His parents weren't particularly horsey. Although his father "liked a bet." He likes an occasional bet too, and although he could, he never bets on himself. Well, why doesn't he? He might have made a bob or two, although the odds would, mostly, be rotten. Anyway, "I'm under enough pressure out there without my money being on me."

Is he a successful gambler? "Yeah, pretty good," he said, smugly. His wife said: "He's not! He's the worst gambler in the world."

I thought he might be a bit tight with money because my secret source told me to have him on about Suzanne cutting his hair. "How do you know that?" he said. I wouldn't usually say but oh all right, it was Mick Guerin, the Herald's racing editor.

"But I was a hairdresser!" Suzanne said. "He doesn't know that. He thinks I just whip the bowl out! Tell him I worked at Servilles!" (She didn't, but nobody tell Mick Guerin.) How cool is The Iceman? He claims he gets excited before a race, and during one, but I reckon you could hook him up to a heart monitor during a big race and not see a blip. I told him this and he said: "You get more excited as the money gets bigger!"

He was, of course, dead chuffed about his gong but he said he was mostly pleased because the recognition was good for the harness racing industry. He's not being falsely modest; he means it.

But he's obviously in the business of making a living from the industry, so the recognition should be good for business.
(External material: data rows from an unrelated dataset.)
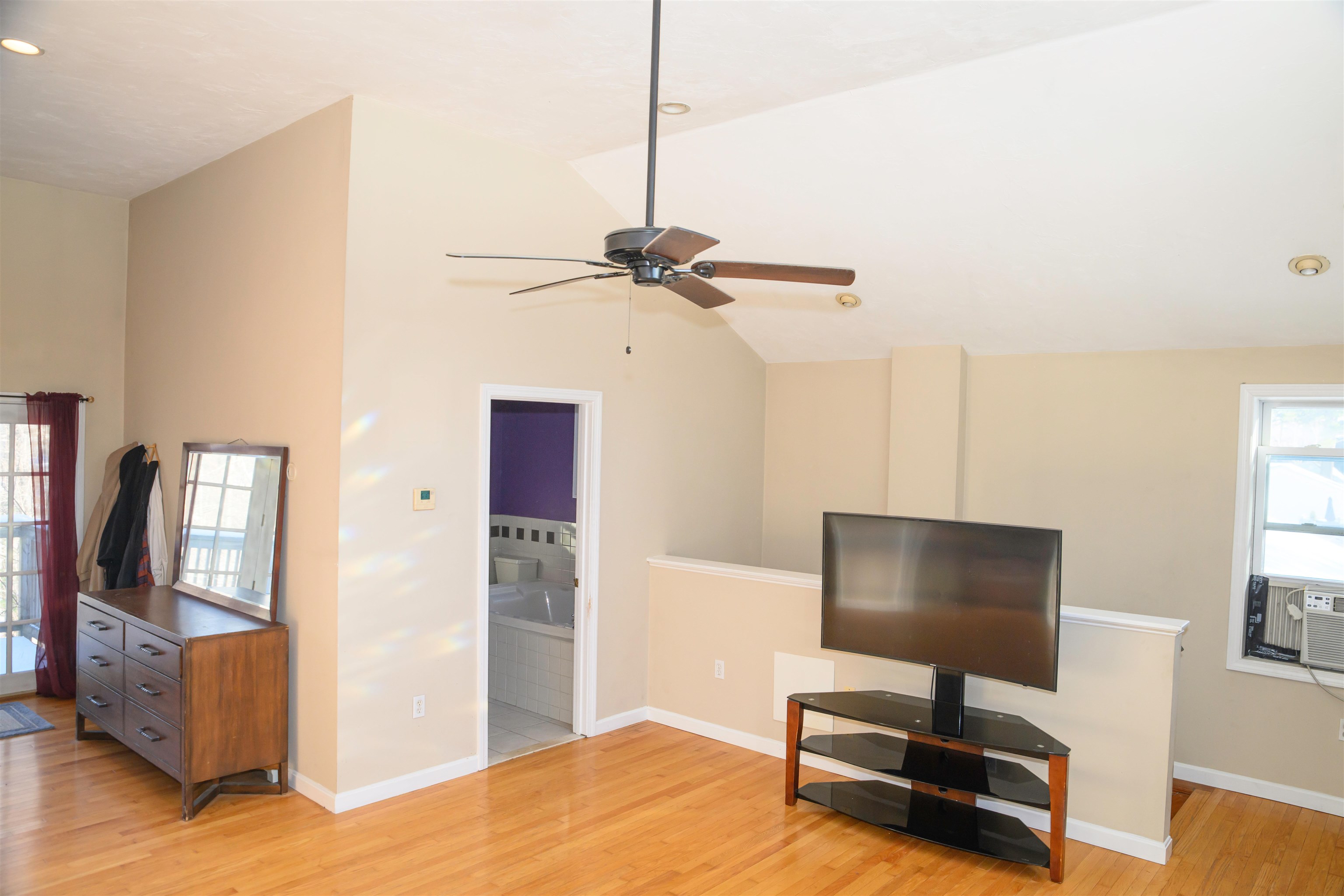 17 Grove Avenue Salem, NH 03079 - Photo 9 of 31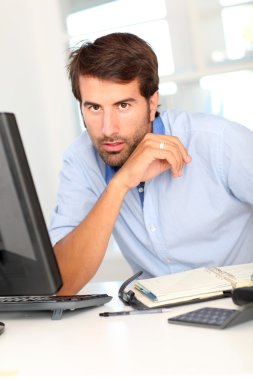 masasında oturan ofis çalışanı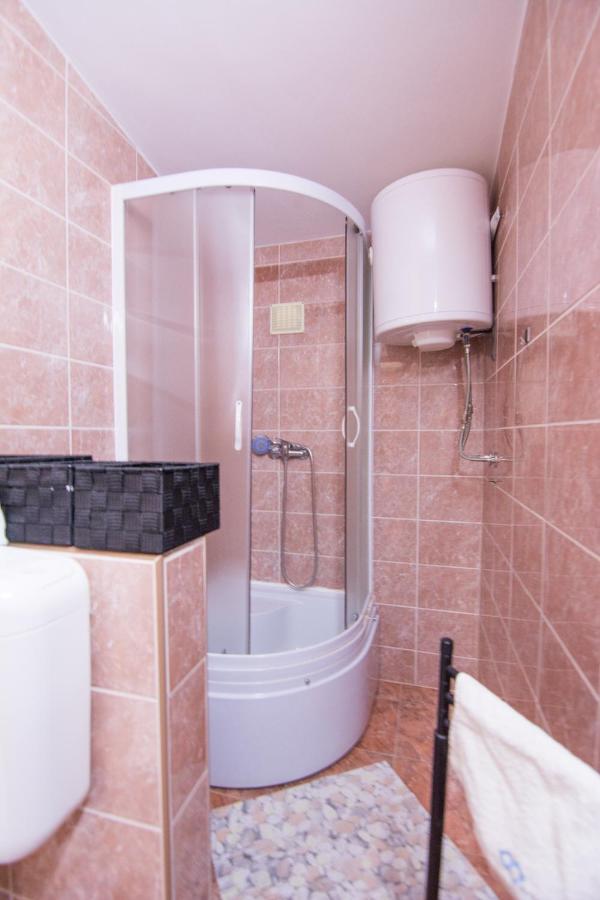 Hotel Sobe Rolo Uz More Biograd Na Moru Exterior foto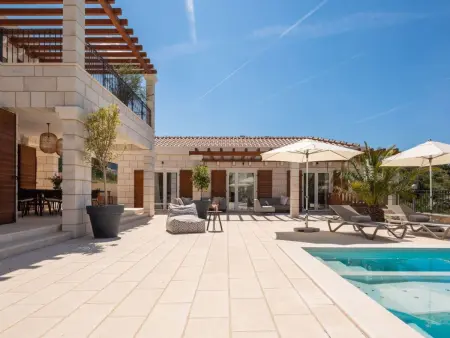 Location Maison à Gornje Tučepi 12 personnes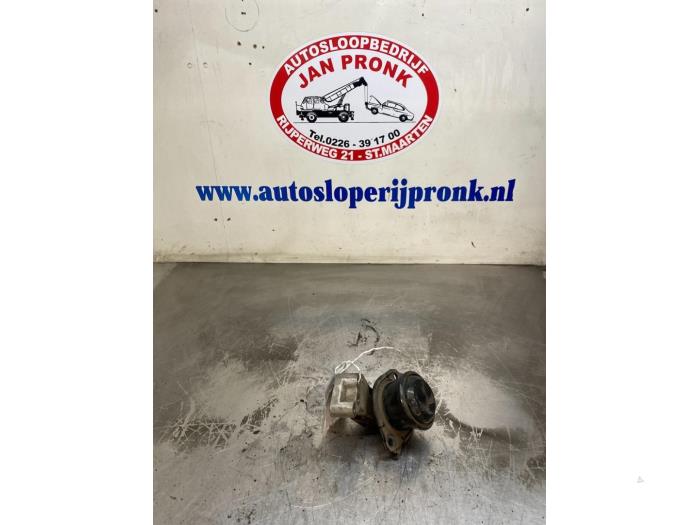 Gebruikte Motorsteun Volvo V40 (VW) 2.0 16V Prijs € 30,00 Margeregeling aangeboden door Autosloopbedrijf Jan Pronk B.V.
I have no idea how good a businessman he is, although he did try to sell me a share in a horse the minute I arrived.

He doesn't live a flashy lifestyle, but I don't think he would even if he did make millions. But has he? "No. Well, I've got through it. Well, Suzanne has!" He'll wear a suit to his investiture. Has he got a suit? 'Yeah!" A nice suit? "It's done 10 or 12 years, so it's quite good."

I hope he has a lovely day getting his gong because it's lovely that the biggest sweetheart in the business has been given one. (I've never met anyone else in the harness racing business, but I'd put more than a tenner on him being the biggest sweetheart by more than a length.)